Until recently, the role of LIPIN2 in inflammation was unknown, however, two groups recently reported findings that demonstrate the importance of LIPIN2 in inflammation(40, 41). LIPIN2 is a phosphatidic acid phosphatase (PAP) that plays an important role in triglyceride synthesis and dephosphorylation of phosphatidic acid (PA) to generate diacylglycerol (34, 4244). Despite its critical role in fat metabolism, the role of LIPIN2 in inflammation remained obscure. In 2012, Valdearcos et al. studied the role of lipin2 in the inflammatory response to excessive saturated fatty acids using human and murine macrophages (40). They found increased expression of pro-inflammatory cytokine genes (including tnf and Il6) in monocytes that under-express lpin2 and decreased proinflammatory cytokine gene expression in cells that overexpressed Lpin2 when exposed to high levels of saturated fatty acids in vitro (40). In 2016, they expanded on the mechanism that LIPIN2 plays in inflammation, reporting that not only did LIPIN2-deficient human macrophages produce higher amounts of TNF mRNA but also produced higher amounts of Il1b mRNA and biologically active IL-1β (41). They demonstrated that bone marrow derived macrophages (BMDM) from Lpin2 deficient mice increased the release of mature Caspase-1 after inflammasome activation (41). Further, they demonstrate that the Lipin2-deficient BMDM have increased ASC oligomerization and inflammasome assembly with subsequent increase IL-1β production (41). Lipin2-supression of NLRP3 inflammasome activation occurs upstream by altering intracellular K+ levels and membrane permeability during P2×7R activation(41). Taken together, Lorden et al.’s work demonstrates that Lipin2 reduces ATP-promoted K+ efflux that leads to downstream IL-1β production, as well as P2×7R pore formation, during classical Nlrp3 inflammasome activation (41). These findings confirm that Majeed syndrome is an autoinflammatory disease and is more specifically an NLRP3 inflammasomopathy. This provides additional support for the use of IL-1β blockers in the treatment of Majeed syndrome.

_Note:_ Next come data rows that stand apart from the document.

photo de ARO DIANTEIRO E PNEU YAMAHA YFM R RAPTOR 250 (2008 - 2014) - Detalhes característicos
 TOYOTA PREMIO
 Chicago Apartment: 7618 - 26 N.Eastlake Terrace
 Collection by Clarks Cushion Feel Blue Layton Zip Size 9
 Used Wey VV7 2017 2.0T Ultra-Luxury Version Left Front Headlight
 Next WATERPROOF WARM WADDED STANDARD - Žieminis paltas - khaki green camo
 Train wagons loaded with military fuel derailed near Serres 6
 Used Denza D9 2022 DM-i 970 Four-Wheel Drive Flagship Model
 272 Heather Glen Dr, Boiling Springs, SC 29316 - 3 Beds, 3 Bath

Murine chronic multifocal osteomyelitis (cmo) and the microbiome

The cmo mouse develops sterile osteomyelitis due to recessive mutations in Pstpip2 which encodes proline-serine-threonine phosphatase interacting protein -2 (Pstpip2 or PPIP2) (25, 26). Pstpip2 deficient mice develop sterile osteomyelitis with 100% penetrance with majority being affected by 8 to 12 weeks of age (25, 26). The disease in the cmo mouse is hematopoietically driven and occurs independent of a functional adaptive immune system (45). Our group and others demonstrated that disease in the cmo mice is an IL-1 dependent disorder and that it is IL-1β (not IL-1α) mediated using double mutant mice (46, 47). Despite being IL-1β dependent, the disease in cmo mice can occur independent of a functional Nlrp3 inflammasome as cmo mice that are also deficient in either Nlrp3, ASC or caspase-1 continue to develop osteomyelitis (46, 47). However, others suggest that caspase-1 and caspase-8 may play a redundant role in the processing of IL-1β in the cmo model (47), and cmo mice that are deficient in both caspase-1 and caspase-8 are partially protected from disease (48). Furthermore, Nlrp3 may be playing a redundant role with caspase 8 in osteomyelitis in the cmo model because cmo mice that are deficient in Nlrp3, Ripk3 and caspase-8 (cmo.Nlrp3−/−.Ripk3−/−.caspase8−/−) are also partially protected from disease (48).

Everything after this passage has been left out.